WASHINGTON - The U.S. Food and Drug Administration is moving to ban the use of brominated vegetable oil (BVO), a food additive once more widely used in popular drinks like Mountain Dew and Powerade but has been slowly phased out amid potential health risks.
BVO is a food ingredient used to keep citrus flavorings from separating and floating to the top of the beverage, according to the FDA. At one point, it was found in a wide range of drinks sold in the U.S., but health problems related to the ingredient prompted public pressure for brands – including Coca-Cola and PepsiCo – to start removing it from their products.
The food ingredient has been linked to several health hazards, including potential harm to the thyroid, liver, and heart. On Thursday, the FDA said it concluded that BVO in food is no longer safe after studies in rodents linked the ingredient with harm to the thyroid, a vital hormone gland that plays a major role in the metabolism, growth and development of the human body.
Other research has linked BVO to neurological and reproductive issues, as well as headaches, irritation of the skin and mucous membranes, fatigue and loss of muscle coordination and memory, according to the Environmental Working Group, a consumer health advocacy nonprofit.
"Based on these data and remaining unresolved safety questions, the FDA can no longer conclude that the use of BVO in food is safe," the FDA said in a statement.
BVO has been banned from drinks sold in Europe and Japan for years. In October, California passed the first law in the U.S. to ban the ingredient, in addition to three other harmful chemicals, from food sold and produced in the state.

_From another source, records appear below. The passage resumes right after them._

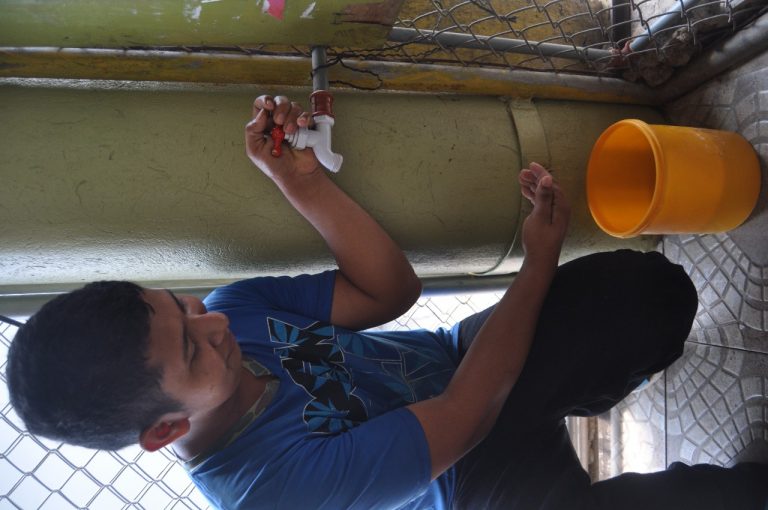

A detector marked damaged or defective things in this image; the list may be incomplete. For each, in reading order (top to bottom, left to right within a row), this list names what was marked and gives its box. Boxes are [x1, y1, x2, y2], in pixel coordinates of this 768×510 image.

peeling paint [298, 1, 314, 18]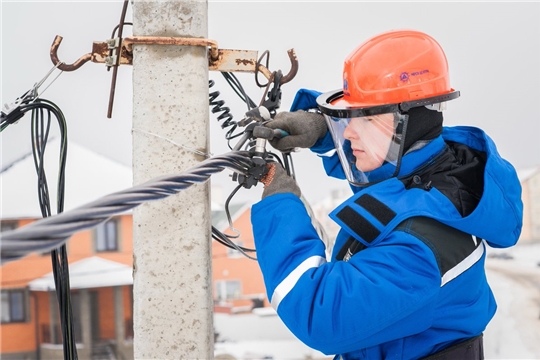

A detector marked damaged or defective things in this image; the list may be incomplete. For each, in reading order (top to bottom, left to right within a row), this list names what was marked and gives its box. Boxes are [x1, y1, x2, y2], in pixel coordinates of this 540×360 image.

rusty metal hook [49, 35, 92, 71]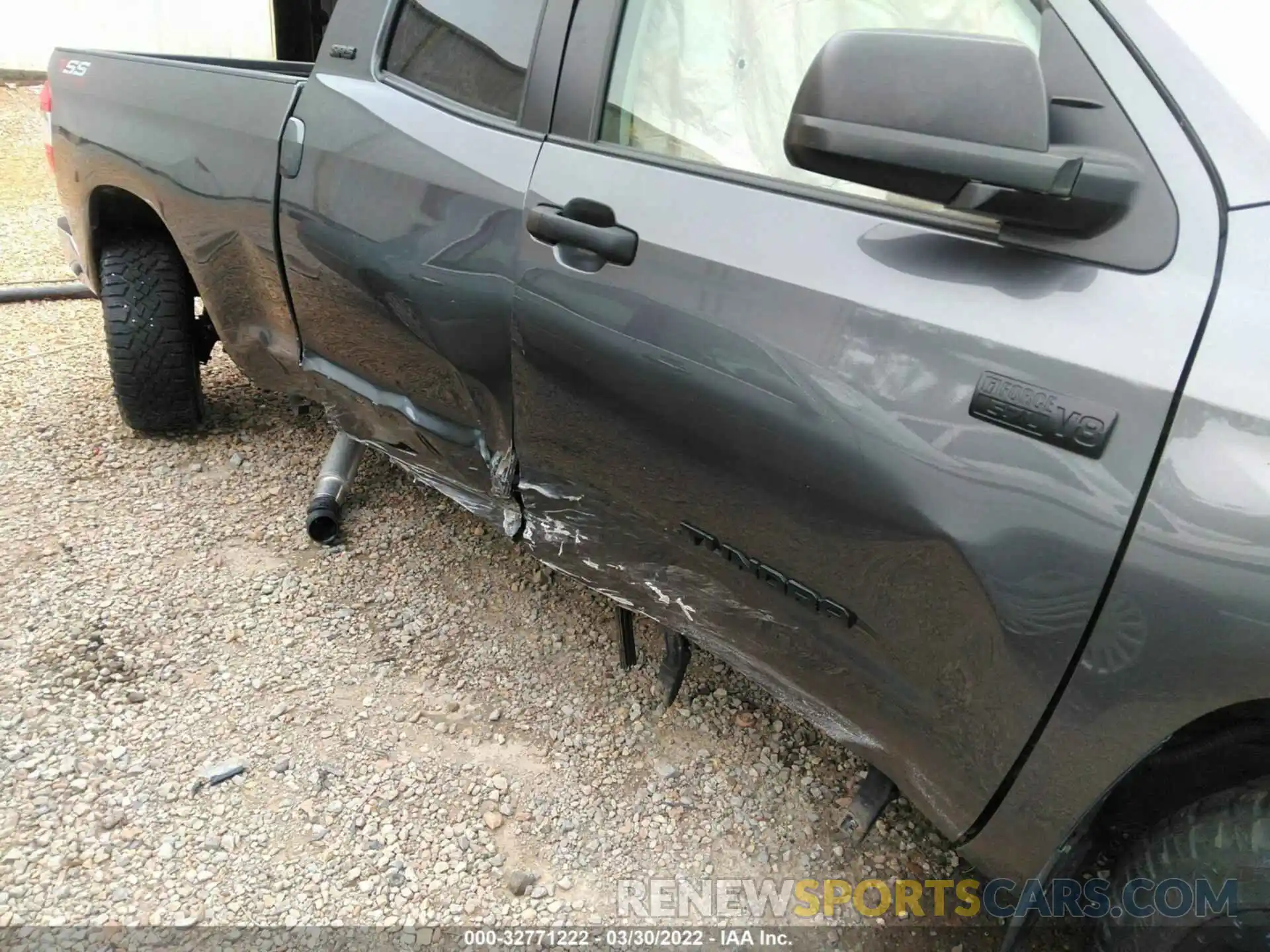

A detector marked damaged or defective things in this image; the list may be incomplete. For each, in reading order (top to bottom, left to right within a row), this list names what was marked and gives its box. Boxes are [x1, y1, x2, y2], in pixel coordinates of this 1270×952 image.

damaged truck door [278, 0, 556, 530]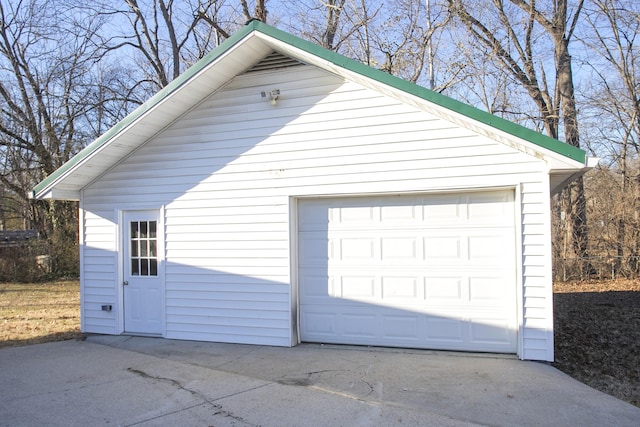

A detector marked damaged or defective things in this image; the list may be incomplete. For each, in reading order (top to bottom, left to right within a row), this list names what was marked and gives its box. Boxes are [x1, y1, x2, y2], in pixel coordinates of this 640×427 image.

cracked concrete [1, 338, 640, 427]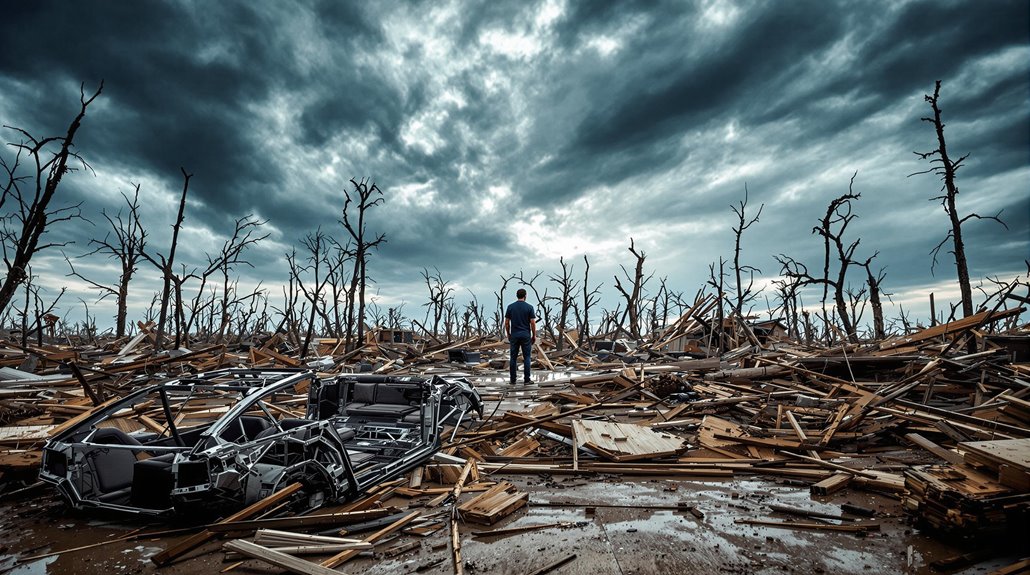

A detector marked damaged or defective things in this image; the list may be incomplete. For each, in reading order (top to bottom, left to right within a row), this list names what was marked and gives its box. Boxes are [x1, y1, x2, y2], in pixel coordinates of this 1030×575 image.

destroyed vehicle frame [36, 368, 480, 516]
crumpled car chassis [40, 372, 484, 516]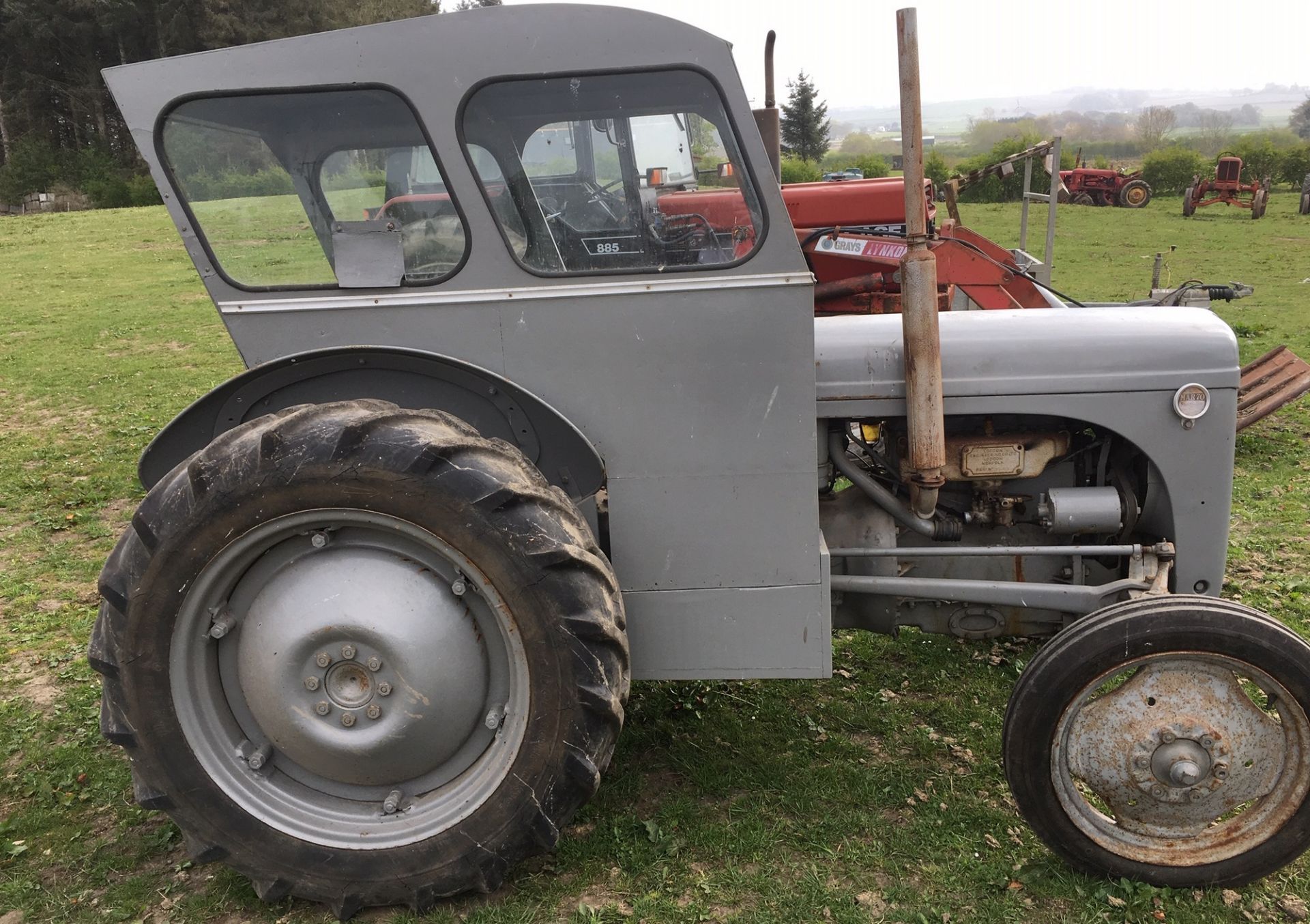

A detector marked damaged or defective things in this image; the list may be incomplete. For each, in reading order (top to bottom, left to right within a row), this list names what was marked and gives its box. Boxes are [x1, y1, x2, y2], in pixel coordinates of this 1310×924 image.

rusty metal bar [754, 30, 781, 183]
rusty metal bar [890, 7, 943, 521]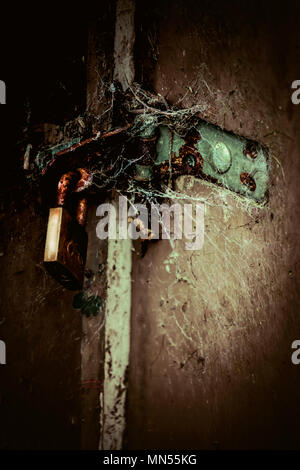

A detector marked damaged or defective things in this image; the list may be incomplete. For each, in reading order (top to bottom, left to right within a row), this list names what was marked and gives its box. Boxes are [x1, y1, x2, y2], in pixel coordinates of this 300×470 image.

rusty padlock [43, 167, 89, 292]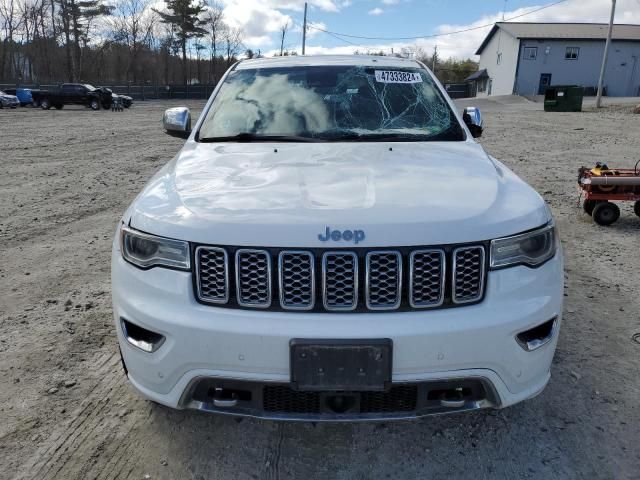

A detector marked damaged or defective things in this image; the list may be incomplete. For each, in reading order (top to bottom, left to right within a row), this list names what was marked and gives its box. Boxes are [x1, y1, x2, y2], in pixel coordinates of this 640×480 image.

cracked windshield [198, 64, 462, 142]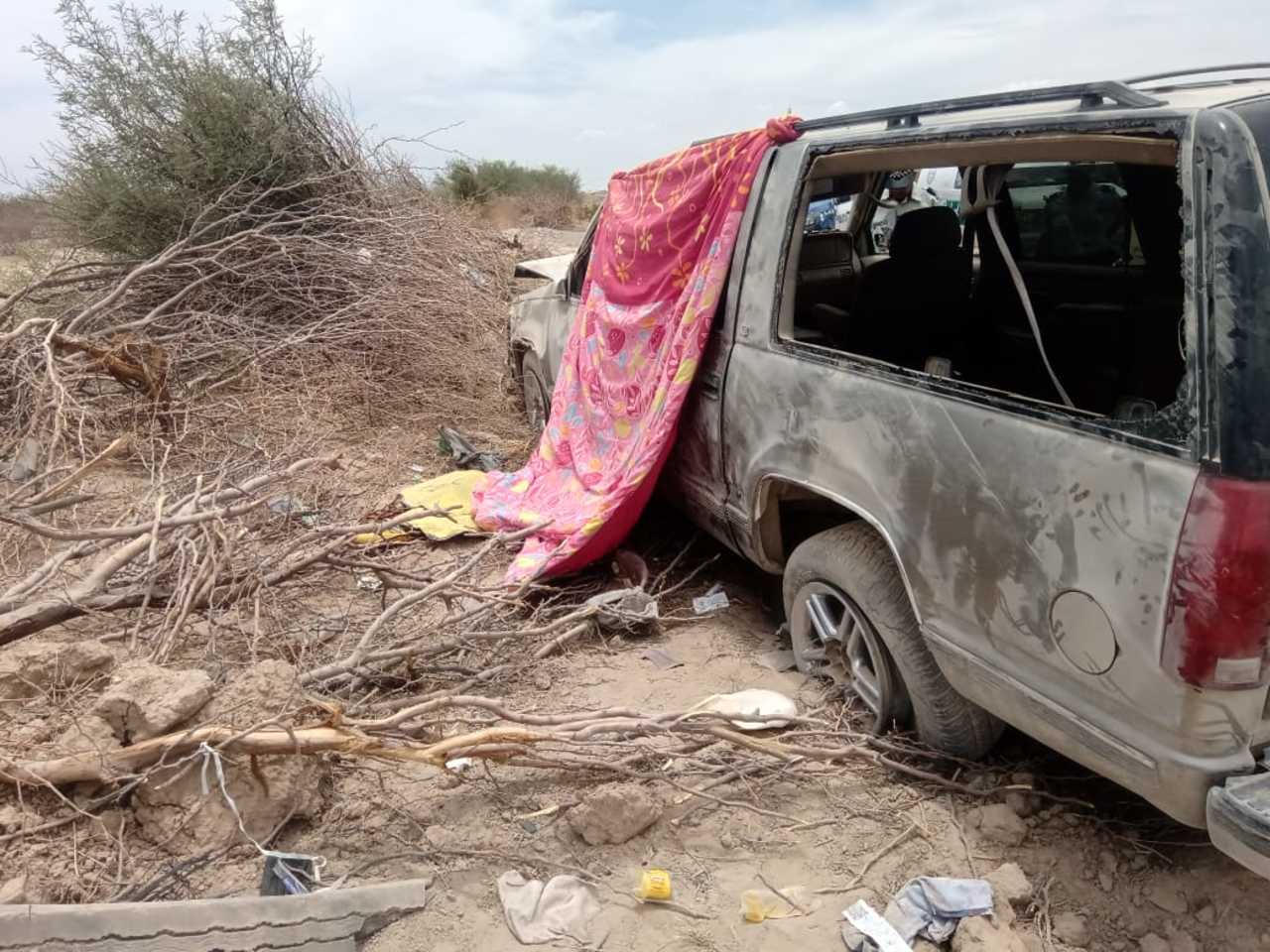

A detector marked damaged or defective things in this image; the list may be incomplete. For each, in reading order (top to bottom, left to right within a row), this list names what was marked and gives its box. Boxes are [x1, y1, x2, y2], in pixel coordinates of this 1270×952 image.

wrecked suv [510, 66, 1270, 878]
broken plastic debris [691, 594, 731, 614]
broken plastic debris [696, 690, 792, 736]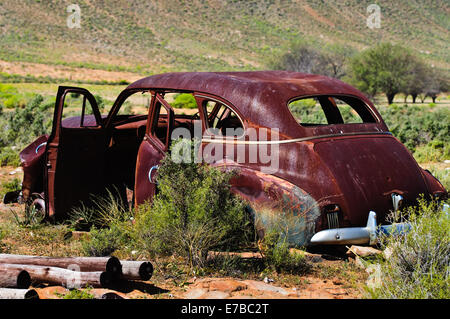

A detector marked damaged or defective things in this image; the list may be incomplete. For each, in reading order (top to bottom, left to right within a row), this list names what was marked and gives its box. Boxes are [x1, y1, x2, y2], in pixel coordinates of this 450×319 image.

"The FDA has known for decades that brominated vegetable oil is harmful to human health," Scott Faber, the Environmental Working Group’s senior vice president for government affairs, said in a statement. "While we’ve waited for federal action on this toxic chemical, states – like California – and some major beverage companies have stepped up to remove BVO from their products and get it off grocery store shelves."
Faber noted how BVO can still be found on the market, including "so-called off-brand products" that are sometimes sold regionally.
"Today’s announcement will ensure everyone has access to products that don’t contain BVO," Faber added.
BVO was originally considered "generally recognized as safe" by the FDA, but that designation was removed in 1970. The agency later allowed it to be used "on an interim basis" in limited quantities.
The FDA noted how many beverage makers have reformulated their products to replace BVO with an alternative ingredient over the years and that few beverages in the U.S. still contain it today.
"Consumers who wish to avoid products that contain brominated vegetable oil may do so by looking for it by name in the ingredients list," the FDA said. "Reassessing the safety of food ingredients as new, relevant data become available, is a priority for the FDA and a key part of our food safety mission."
This story was reported from Cincinnati.